Preventive Services See details

DEVOTED CHOICE GIVEBACK 006 KS (PPO) offers preventive services with no copay and no coinsurance for covered benefits such as annual physicals, kidney disease education, and fitness programs. However, this benefit is only partially covered, excluding services like in-home safety assessments, personal emergency response systems, medical nutrition therapy, post-discharge medication reconciliation, re-admission prevention, wigs, therapeutic massage, adult day health, home-based palliative care, in-home support, caregiver support, additional smoking cessation, enhanced disease management, telemonitoring, remote access technologies, and counseling.

Hearing Services See details

DEVOTED CHOICE GIVEBACK 006 KS (PPO) partially covers hearing services with no deductible, offering routine hearing exams for a $55 copay and no coinsurance. Covered prescription hearing aids require no coinsurance with copays ranging from $599 to $899, while OTC hearing aids and inner ear, outer ear, or over-the-ear prescription models are not covered.

Vision Services See details

Vision Services are partially covered by DEVOTED CHOICE GIVEBACK 006 KS (PPO), as other eye exam services are not covered. Routine eye exams have a $0 to $20 copay and no coinsurance, while covered eyewear has no copay and no coinsurance up to a $200 annual maximum benefit.
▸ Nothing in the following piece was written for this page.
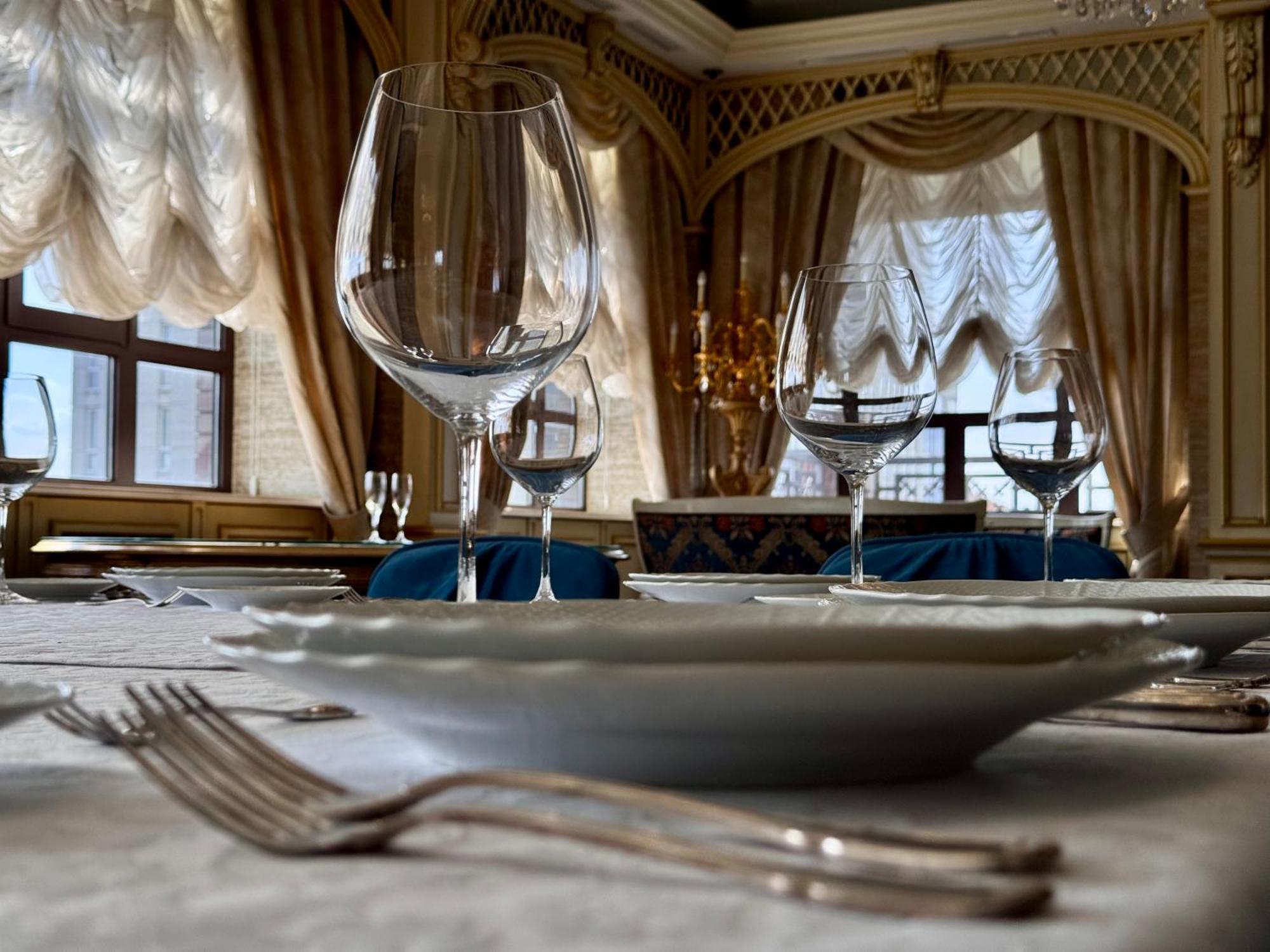 Axelhof Boutique Hotel Dnjepropetovsk Buitenkant foto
Dental Services See details

DEVOTED CHOICE GIVEBACK 006 KS (PPO) dental services are partially covered, featuring a $55 copay and no coinsurance for Medicare-covered dental services, and no copay or coinsurance for other dental services up to a $250 annual limit. While most preventive and comprehensive dental services are fully covered, maxillofacial prosthetics, implant services, and orthodontics are not covered.

Home Infusion bundled Services See details

DEVOTED CHOICE GIVEBACK 006 KS (PPO) covers home infusion bundled services with no copay, though prior authorization is required. Associated Medicare Part B drugs, including chemotherapy, carry a coinsurance ranging from no coinsurance to 20%, while Part B insulin is covered with a $35 copay and up to 20% coinsurance.
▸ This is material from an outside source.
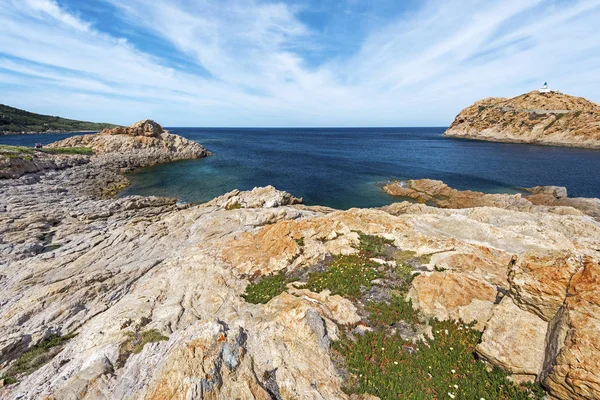 Red Porphyry rocks of Pietra Islet in Corsica — Stock Photo, Image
Dialysis Services See details

Dialysis Services are covered by DEVOTED CHOICE GIVEBACK 006 KS (PPO) with no copay and a 20% coinsurance. Prior authorization is required for these services.
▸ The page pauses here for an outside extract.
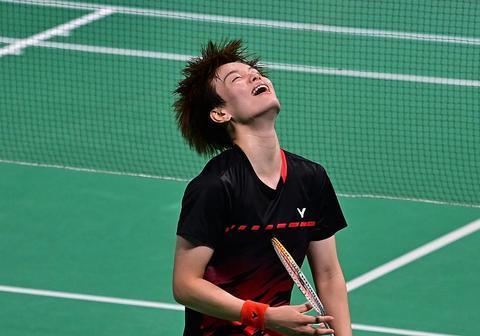 则展现出适 则展现出适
Medical Equipment See details

DEVOTED CHOICE GIVEBACK 006 KS (PPO) covers medical equipment with no copays, though prior authorization is required. Durable Medical Equipment carries an 18% coinsurance, while prosthetic devices and medical supplies range from no coinsurance to 20% coinsurance. Diabetic equipment is partially covered with up to 18% coinsurance for supplies, but diabetic therapeutic shoes and inserts are not covered.

Diagnostic and Radiological Services See details

Diagnostic and radiological services are covered by DEVOTED CHOICE GIVEBACK 006 KS (PPO) with no coinsurance for diagnostic services, no copay for lab services, and diagnostic test copays ranging from $0 to $95. Outpatient X-rays have no copay, therapeutic radiological services require a minimum 20% coinsurance, and prior authorization is required.

Home Health Services See details

DEVOTED CHOICE GIVEBACK 006 KS (PPO) covers Home Health Services with no copay and no coinsurance. Please note that prior authorization is required to receive these services.

Cardiac Rehabilitation Services See details

Cardiac Rehabilitation Services are not covered under the DEVOTED CHOICE GIVEBACK 006 KS (PPO) plan, as cardiac, intensive cardiac, pulmonary, and SET for PAD rehabilitation services are all excluded from coverage. Although the category technically features no coinsurance and requires prior authorization, none of these specific services are covered in practice.

Skilled Nursing Facility (SNF) See details

Skilled Nursing Facility (SNF) services are covered by DEVOTED CHOICE GIVEBACK 006 KS (PPO) with no coinsurance, featuring no copay for days 1 through 20 and a $215 daily copay for days 21 through 100. Prior authorization is required, no prior three-day hospital stay is needed, and additional days beyond the standard 100-day benefit period are not covered.

Other Services See details

DEVOTED CHOICE GIVEBACK 006 KS (PPO) partially covers other services, offering additional preventive services not covered by Medicare with no copay and no coinsurance. Acupuncture, over-the-counter (OTC) items, and meal benefits are not covered.